> **Task to carry out**
Write out each record below exactly, without pictures.

Supplied information section start

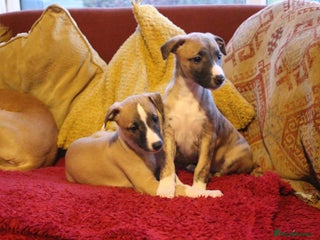 Whippet dogs Quality whippet pups from top show lines - Advert 17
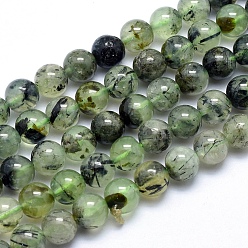 Prehnite Natural Prehnite Beads Strands, Round, 8mm, Hole: 1mm, about 49pcs/strand, 15.5 inch(39.5cm)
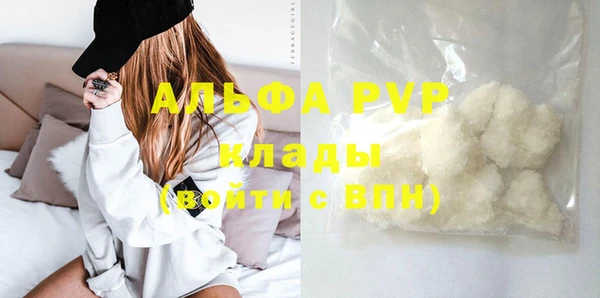 шишки Осташков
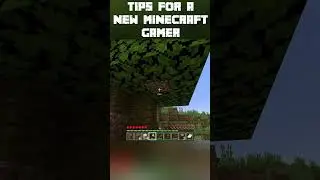 #Minecraft Starter Tips For New Players!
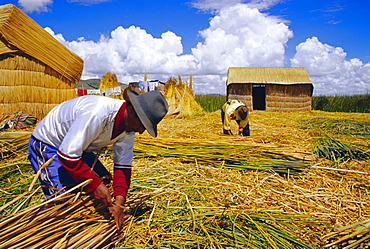 People changing the reeds which support the island, Uros People, Floating Islands, Lake Titicaca, Peru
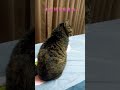 【八寶粥】生氣原因:回家沒有先摸摸她 #貓咪#可愛#休閒#娛樂#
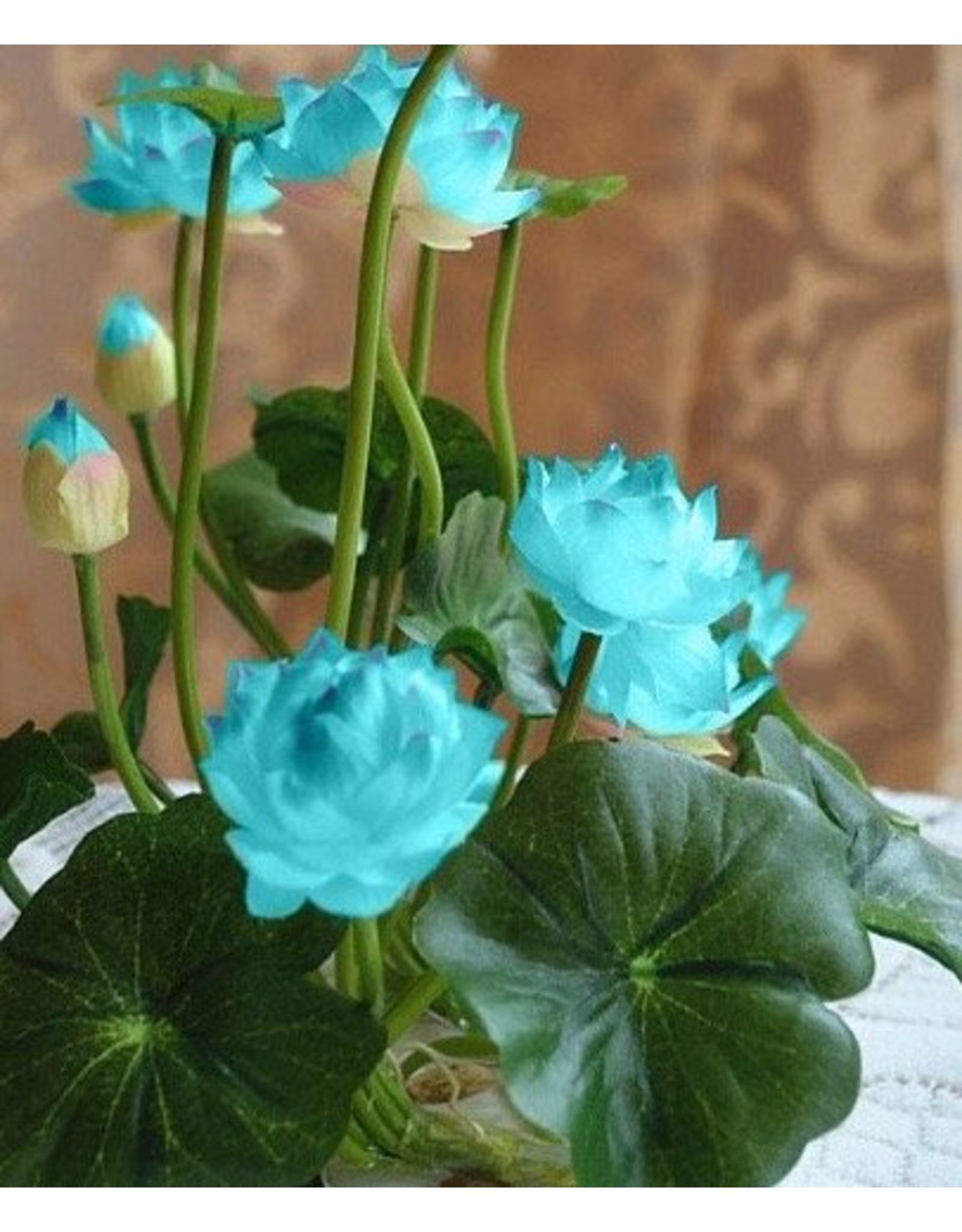 Lotuszaden voor kleine lotusbloemen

Supplied information section end

> **Solved exercise**
 Whippet dogs Quality whippet pups from top show lines - Advert 17
 Prehnite Natural Prehnite Beads Strands, Round, 8mm, Hole: 1mm, about 49pcs/strand, 15.5 inch(39.5cm)
 шишки Осташков
 #Minecraft Starter Tips For New Players!
 People changing the reeds which support the island, Uros People, Floating Islands, Lake Titicaca, Peru
 【八寶粥】生氣原因:回家沒有先摸摸她 #貓咪#可愛#休閒#娛樂#
 Lotuszaden voor kleine lotusbloemen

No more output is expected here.